Article ID: | iaor2000979 |
Country: | South Korea |
Volume: | 23 |
Issue: | 4 |
Start Page Number: | 213 |
End Page Number: | 224 |
Publication Date: | Dec 1998 |
Journal: | Journal of the Korean ORMS Society |
Authors: | Suh Yung-Ho, Lee Jeong-Ho |
Since the late 1980s, an increasing number of neural network models have been studied in the areas of financial prediction and analysis. The purpose of this study is to investigate the possibility of building a neural network model that is able to construct a profitable trading strategy in the Korean Stock Market. This study classifies stocks into the future market winners and losers from the publicly available accounting information and builds portfolios based on this information. The performances of the winner portfolios and the loser portfolios are compared with each other and against the market index. The empirical result of this research is consistent with the traditional fundamental analysis where it is claimed that the financial statements contain firm values that may not be fully reflected in stock prices without delay.
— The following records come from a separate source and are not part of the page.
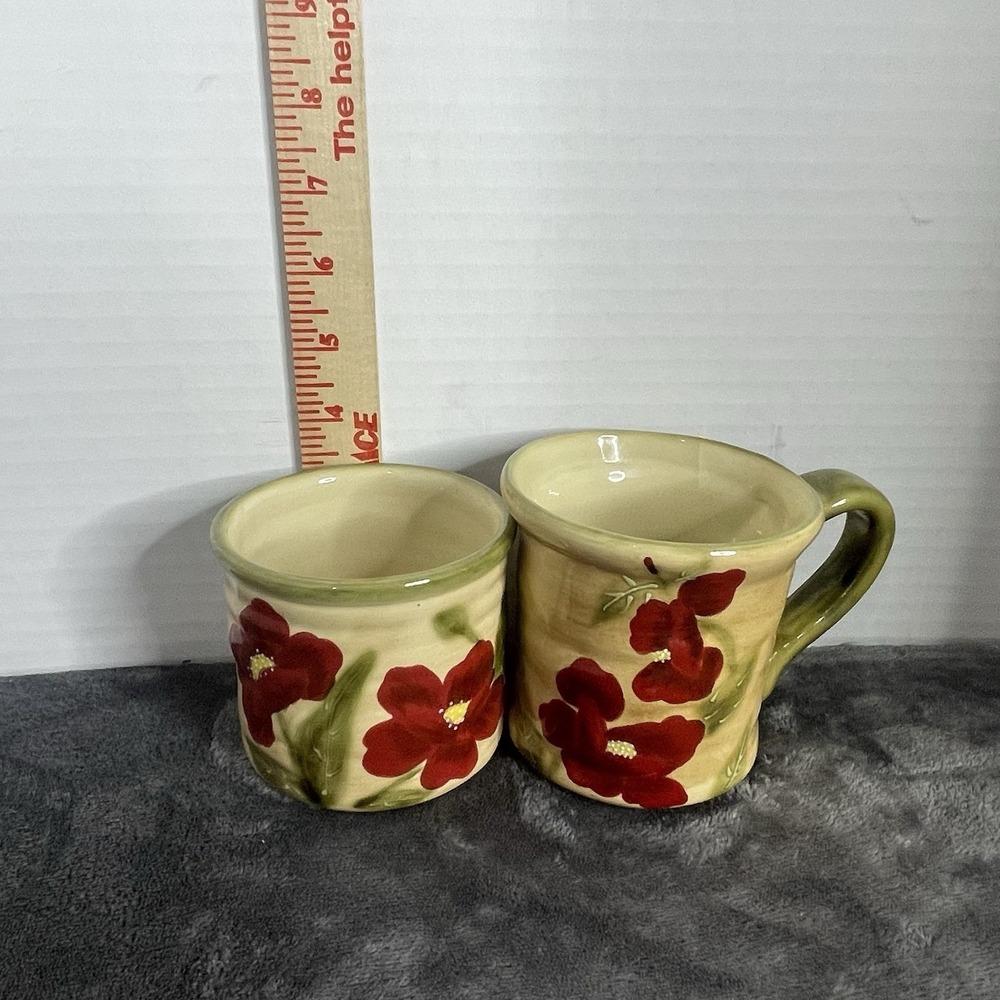 Giftcraft Pottery Oasis Floral Ceramic Teapot & 2 Coffee Mugs Kitchenware Set - Picture 7 of 11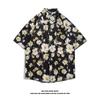 Camisa de hombre con estampado elegante, de verano, popular y juvenil, con mangas de cinco puntos, estándar artístico, combinable y moderna.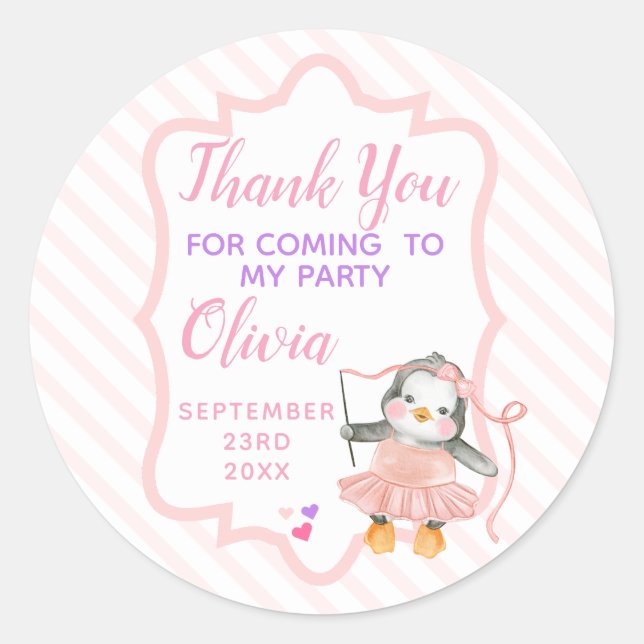 Thank You Ballerina Penguin Pink Birthday Classic Round Sticker (Front)
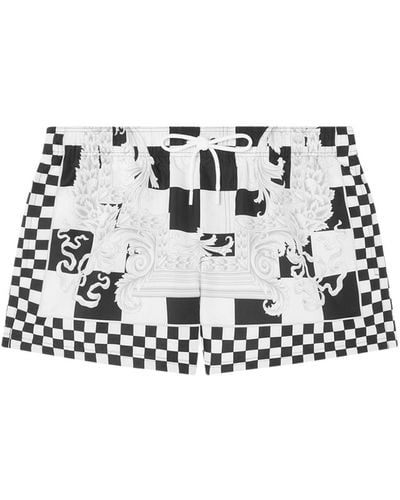 Versace Barocco-motif Checkerboard-print Swim Shorts - White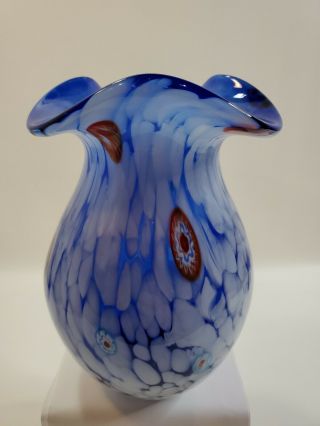 Vintage Murano Art Glass Millefiori Vase Blue Multi Color Heavy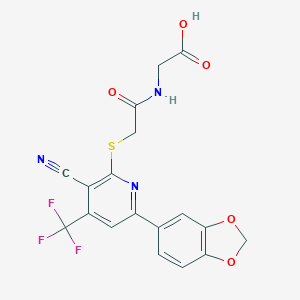 molecular formula C18H12F3N3O5S B460640 [({[6-(1,3-Benzodioxol-5-yl)-3-cyano-4-(trifluoromethyl)-2-pyridinyl]sulfanyl}acetyl)amino]acetic acid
Despite the supporting empirical evidence, it is somewhat inconclusive as to whether or not the abnormal return in excess of market return is the result of the extra knowledge obtained in the neural network models derived from the historical accounting data. This research attempts to open another avenue using neural network models for searching for evidence against market efficiency where statistics and intuition have played a major role.